U.S. rules Burmese military’s attacks on Rohingya genocide

In 2016, the Burmese military attacked members of Burma’s Rohingya minority, forcing nearly 100,000 to flee to Bangladesh. Burmese military attacks in 2017 killed more than 9,000 Rohingya and forced more than 740,000 to flee the country.

U.S. Secretary of State Antony Blinken has determined that the Burmese military’s repeated attacks on the Rohingya, including razing villages, rape, torture and killing, amount to genocide and crimes against humanity.

The determination — the eighth finding of genocide ever made by the U.S. government — follows the U.S. State Department’s in-depth analysis, which included information from the United Nations, independent groups and a State Department survey of nearly 1,000 Rohingya refugees.

Speaking at the United States Holocaust Memorial Museum March 21, Blinken called the Burmese military’s atrocities “widespread and systematic,” adding they demonstrated clear “intent to destroy Rohingya,” a predominantly Muslim ethnic minority group.

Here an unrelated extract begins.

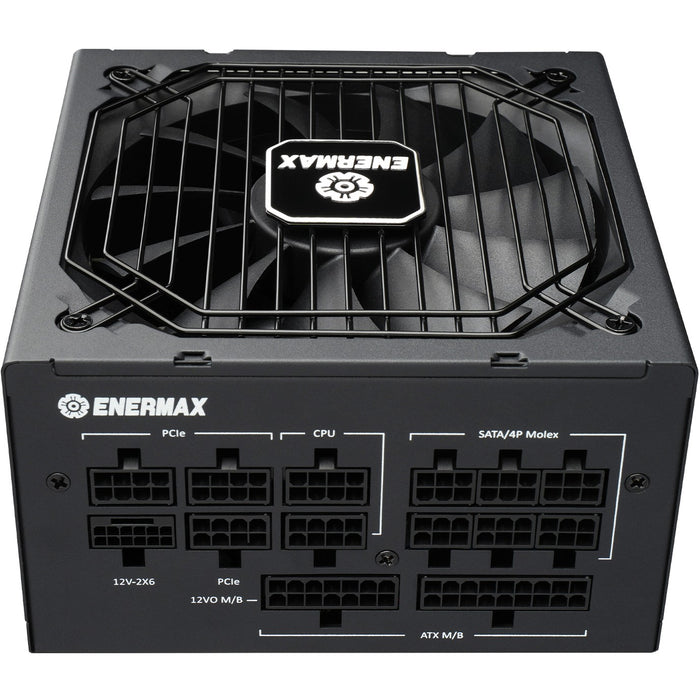 Enermax EGN1200P power supply unit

Blinken said that the Rohingya had been an integral part of Burmese society for generations and that many of those responsible for atrocities against them had also committed atrocities against other ethnic and religious minority groups for decades.

Shirtless man showing gunshot scar (© Wong Maye-E/AP Images)
Mohammadul Hassan stands outside his family’s tent in the Jamtoli refugee camp in Bangladesh November 24, 2017. Hassan said he bears scars from being shot by soldiers. (© Wong Maye-E/AP Images)

Many of the Burmese military officials responsible for the Rohingya genocide also participated in the February 1, 2021, coup against Burma’s democratically elected government. Their regime has killed more than 1,670 people, including women and children, and unjustly detained at least 12,800 people, Blinken said.

The State Department issued an August 2018 report based on a survey of nearly 1,000 Rohingya refugees now living in Bangladesh. Among those:

  • All were forced to flee Burma.
  • Three-quarters witnessed members of Burma’s military kill someone.
  • More than half witnessed acts of sexual violence.
  • One in five witnessed a mass casualty event.

Blinken also noted that evidence shows the Burmese military clearly intended to destroy the Rohingya. Before attacks, they confiscated knives and machetes, marked Rohingya homes with red ribbons and blocked escape routes. Afterward, they sank boats carrying fleeing refugees.

A member of Burma’s military said his commanding officer told him to “shoot at every sight of a person” and to burn villages and rape and kill women.

Aerial view of remains of burned village (© Soe Zeya Tun/Reuters)
The remains of a burned Rohingya village near Maungdaw, Burma, September 27, 2017. (© Soe Zeya Tun/Reuters)

U.S. officials are working with international partners to promote accountability for those responsible for these atrocities as well as those committed against others across Burma, both before and after the coup.

In his March 21 remarks, Blinken said the U.S. determination of genocide recognizes the gravity of atrocities committed against the Rohingya and represents one step toward a day when all Burmese people can enjoy equal rights and dignity.

“The day will come when those responsible for the appalling acts will have to answer for them,” Blinken said of the Burmese military’s atrocities against the Rohingya.